US Dept of Energy estimates geothermal power's untapped potential - mimixco
https://arstechnica.com/science/2019/06/report-geothermal-could-power-up-to-16-of-us-grid-by-2050/
======
saeranv
I worked on a laboratory building in a cold climate recently. Labs typically
consume a ton of energy (relative to offices/residences) due to the energy
spent on conditioning and forcing air for fumehoods.

We investigated a couple of different ways of reducing energy: PV, wind,
efficient HVAC systems, and Ground Source Heat pumps (GSHP). The GSHP reduced
the energy consumption of our building by over 50%, where the rest were barely
hitting 10%.

I haven't personally seen it installed at a residential level, but if it's
affordable (which, given cheapness of natural gas may not be) could be huge in
cold climates.

------
ryanmercer
Not to be too crazy but, geothermal scares the hell out of me. How many works
of fiction involve something like tapping Yellowstone Calderra and bye bye
life as we know it when it is weakened too much and kaboom!

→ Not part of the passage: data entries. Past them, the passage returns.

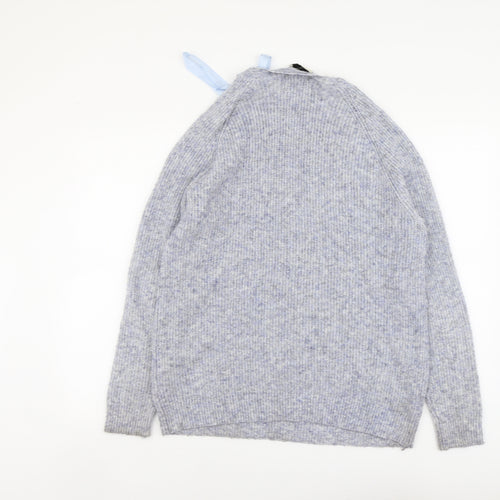 Papaya Womens Blue Round Neck Acrylic Pullover Jumper Size L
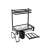 Black dish drying rack with two tiers, cutlery holder, knife holder, and cutting board holder disassembled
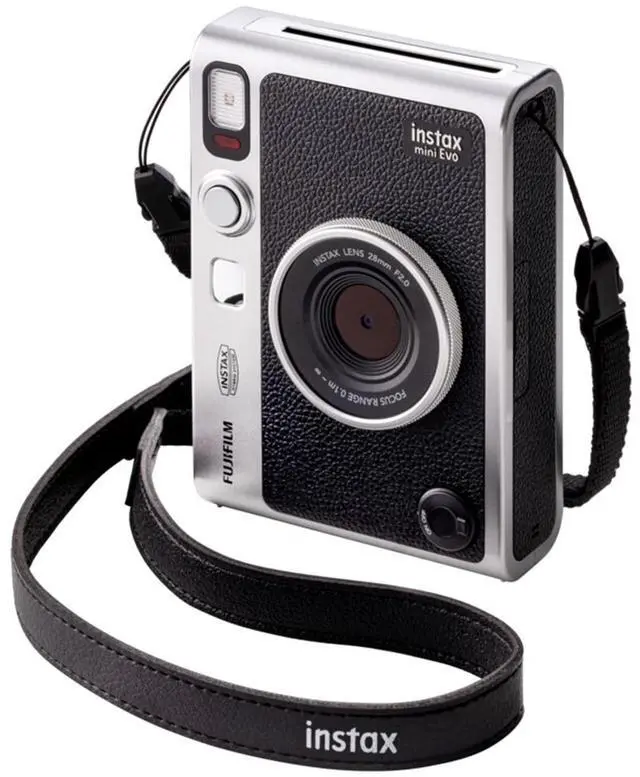 Alt view image 7 of 7 - _Mega Brand Instax Mini EVO Hybrid Instant Camera Black Bundle with Instax Mini Instant Film 20 Sheets, 32GB microSD Card, Vintage Style Black Camera Case, Bundle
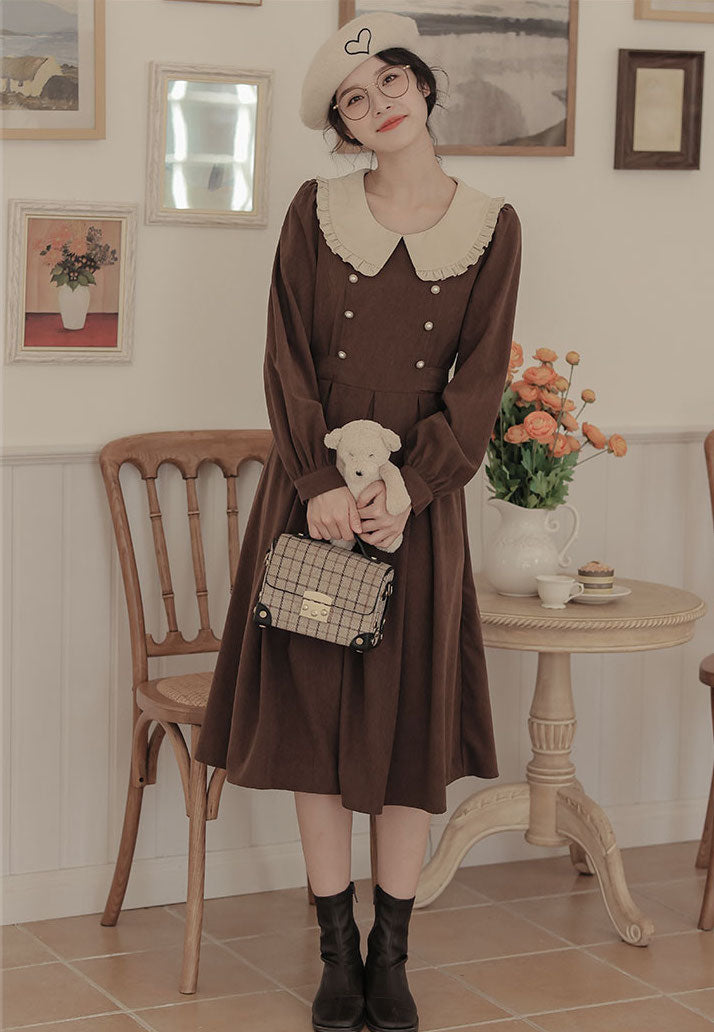 Corduroy Suede Peter Pan Midi Dress (3 Colors)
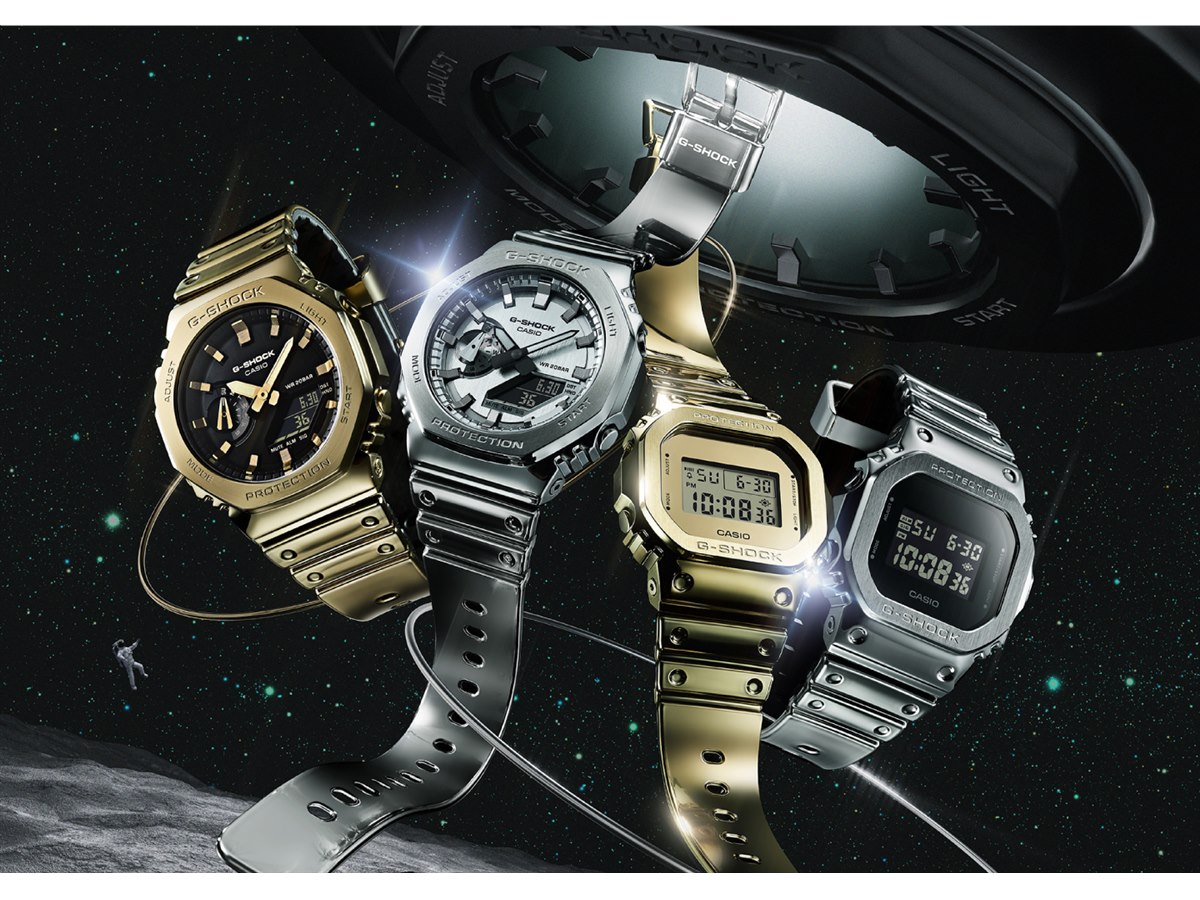 G-SHOCK」より、タフシリコーンバンド採用の「FINE METALLIC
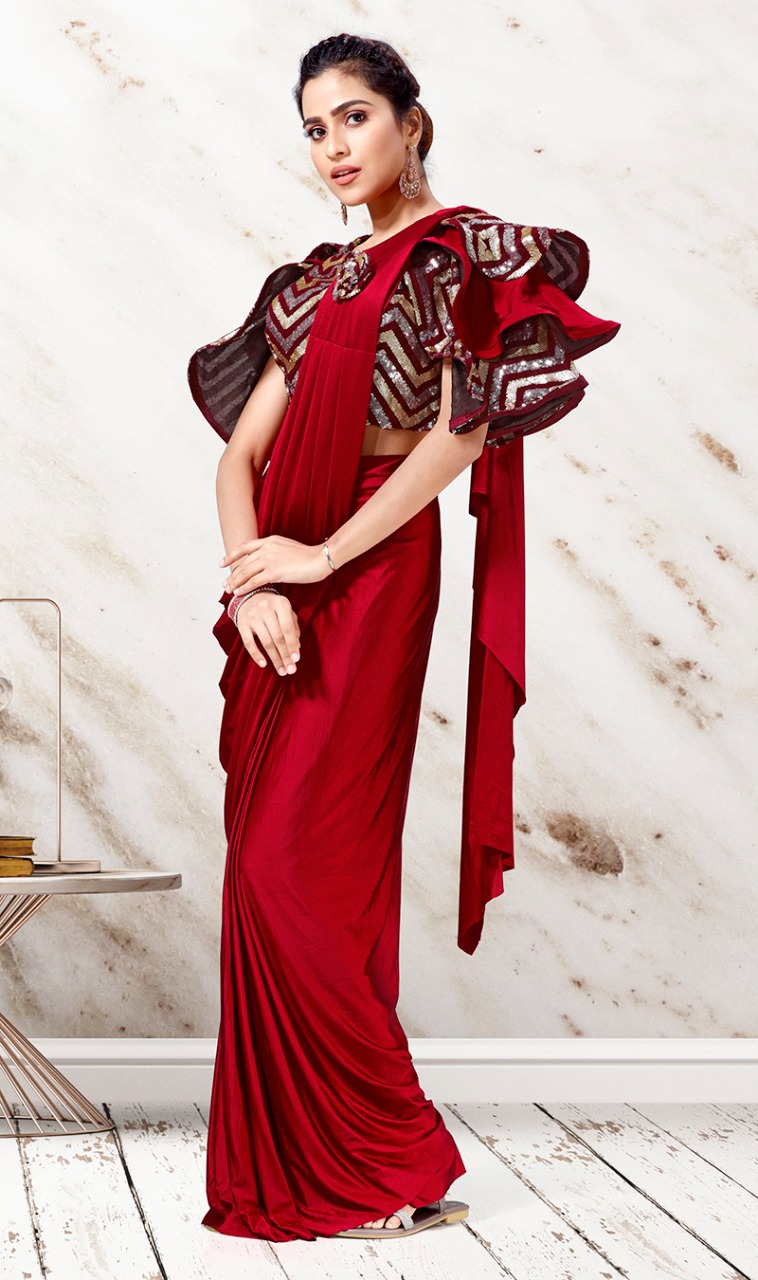 amoha trenza d no 10456 lycra regal look saree catalog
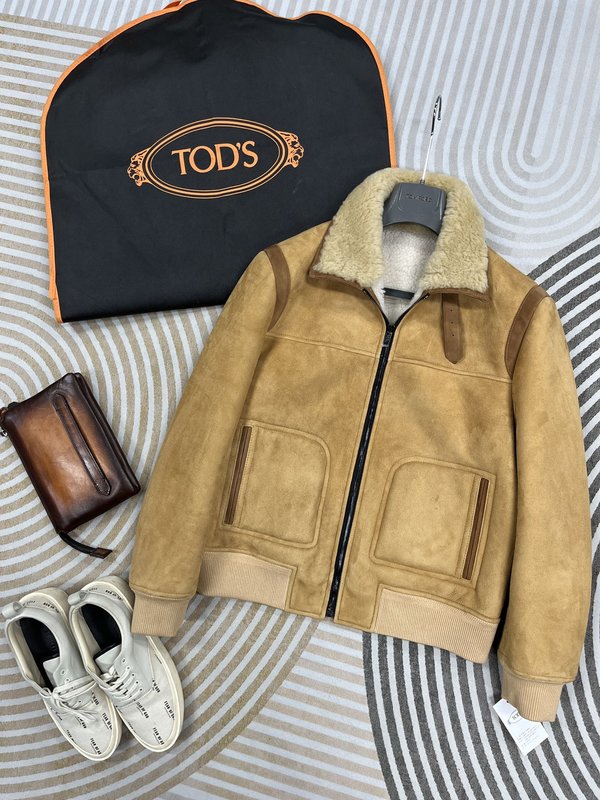 TODS 양모 피혁 재킷 (숏 스타일) 001-268405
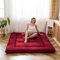 MAXYOYO Klappmatratze Futon Matratze Bodenmatratze Gepolsterte Japanische Tatami Gesteppte Bett, Dicke Faltmatratze Schlafmatte Rollmatratze Bodenliege Gästematratze (Burgunderfarben, 90x190 cm)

Mind you it is survival/disaster 'porn' but Bobby Akart has a book series
where exactly this happens. Some joint government-private entity power plant
drills into the calderra, and like some companies are known to do cuts corners
and drills much deeper than all the experts recommended, it compromises
everything just enough that Yellowstone starts erupting.

Sure, there are safe places/ways to do this (hello Iceland) but something
about it just seems crazy. Nuclear, sure it's something you can easily control
the reaction and with a proper setup can even safely 'shut down' but drilling
holes relatively deep into the earth to take advantage of geothermal heat,
eeesh that (mostly irrationally) bugs me a lot.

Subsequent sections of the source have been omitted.